# Favorite foreign horror movie?



## Fletch350z

So, I've recently started to really watch a lot of foreign horror movies and I'm really finding some amazing ones. There are some main stream ones like "The Grudge" or "The Ring" but what are some of your favorites? Maybe some that most people wouldn't have heard of? 

I recently watched "I Saw the Devil" and "Chaser" on Netflix and really liked both of them. I Saw the Devil is one of my favorite horror films now as it is really well done and very creepy and dark.

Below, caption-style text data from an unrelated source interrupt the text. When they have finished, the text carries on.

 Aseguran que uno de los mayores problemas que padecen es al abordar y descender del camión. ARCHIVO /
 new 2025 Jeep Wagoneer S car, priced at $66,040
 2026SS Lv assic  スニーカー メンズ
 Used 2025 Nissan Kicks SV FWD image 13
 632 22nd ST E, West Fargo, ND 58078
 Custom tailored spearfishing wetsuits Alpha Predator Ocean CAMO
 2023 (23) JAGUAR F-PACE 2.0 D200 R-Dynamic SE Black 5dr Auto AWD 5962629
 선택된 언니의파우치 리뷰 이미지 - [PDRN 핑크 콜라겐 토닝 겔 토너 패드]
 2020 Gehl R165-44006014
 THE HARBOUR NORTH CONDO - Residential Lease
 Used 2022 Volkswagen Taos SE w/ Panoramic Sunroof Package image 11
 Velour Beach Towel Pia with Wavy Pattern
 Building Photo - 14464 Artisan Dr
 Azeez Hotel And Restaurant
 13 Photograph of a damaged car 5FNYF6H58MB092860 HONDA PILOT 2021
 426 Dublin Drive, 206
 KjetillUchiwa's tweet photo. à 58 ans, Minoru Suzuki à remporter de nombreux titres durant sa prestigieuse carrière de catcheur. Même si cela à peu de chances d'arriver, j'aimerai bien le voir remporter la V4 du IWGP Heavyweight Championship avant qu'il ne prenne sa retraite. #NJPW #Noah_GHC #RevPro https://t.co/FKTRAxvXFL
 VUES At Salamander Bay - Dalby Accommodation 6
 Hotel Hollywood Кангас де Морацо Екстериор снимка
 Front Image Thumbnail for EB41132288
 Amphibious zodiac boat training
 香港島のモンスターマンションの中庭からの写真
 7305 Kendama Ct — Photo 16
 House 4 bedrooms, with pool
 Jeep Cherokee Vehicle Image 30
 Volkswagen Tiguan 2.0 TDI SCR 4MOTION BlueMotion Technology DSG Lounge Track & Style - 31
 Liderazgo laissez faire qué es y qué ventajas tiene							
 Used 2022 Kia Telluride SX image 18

The ending is pretty great too, . So, what are your favorites?


----------



## highbury

Check out Lucio Fulci's _Zombie_ or any of the other Italian horror classics from the 70s and 80s. Another must-see is Dario Argento's _Suspiria_.


----------



## Fletch350z

Yep, those are both great movies as well!


----------



## Hairazor

The one that comes to mind for me is Nosferatu


----------



## austenandrews

Tough call. _Ju-On_ and _Let the Right One In_ are two of my favorite films period, but among the lesser-known ones, _The Orphanage_ was pretty effective.


----------



## Fletch350z

I like all of those. I saw the original let the right one in but haven't seen the "new" one. And, despite some bad reviews, I really liked the orphanage as well. On a similar note, I liked Don't be Afraid of the Dark and and Mama as well.


----------



## stars8462

Let The Right One In 
Ils (Them)
REC


----------



## drevilstein

Those are all great. I also like Primal (Australian) a lot and Cold Prey (Norwegian). Lately some of my favorite horror movies are from other countries.

A few more:

Dead Snow
Doghouse
The Devil's Backbone


----------



## The-Hog-Flu

I Saw the Devil was fantastic.....but my favorite is a French film, Martyrs.


----------



## stars8462

drevilstein said:


> Those are all great. I also like Primal (Australian) a lot and Cold Prey (Norwegian). Lately some of my favorite horror movies are from other countries.
> 
> A few more:
> 
> Dead Snow
> Doghouse
> The Devil's Backbone


Dangit - how could I forget about Cold Prey
I own and love the 1st and 2nd one.


----------



## The-Hog-Flu

I just watched Bedevilled last night. It was really good.


----------



## RWB

Haute Tension (High Tension). Pretty intense in the vein of Hills Have Eyes. Another one pretty tuff is Inside. Both of these are French films and there are no apologies for lack of big story lines.


----------



## hazeldazel

I really love L_es Diaboliques_. It's a French film from 1955, horror/thiller about murder and ghosts.


----------



## kitchie

My favorite horror movie is Pee Mak.. It's a horror movie that made me laugh at the same time..


----------



## jobiz

There's a Japanese film from 1999 called Audition(Ôdishon).
This thing scared the hell out of me partly because when I started to watch it I didn't realize that it was a horror film! It started out like a kind of romantic comedy about a lonely man looking for love. Then things take a turn and it gets really crazy.

Great film.


----------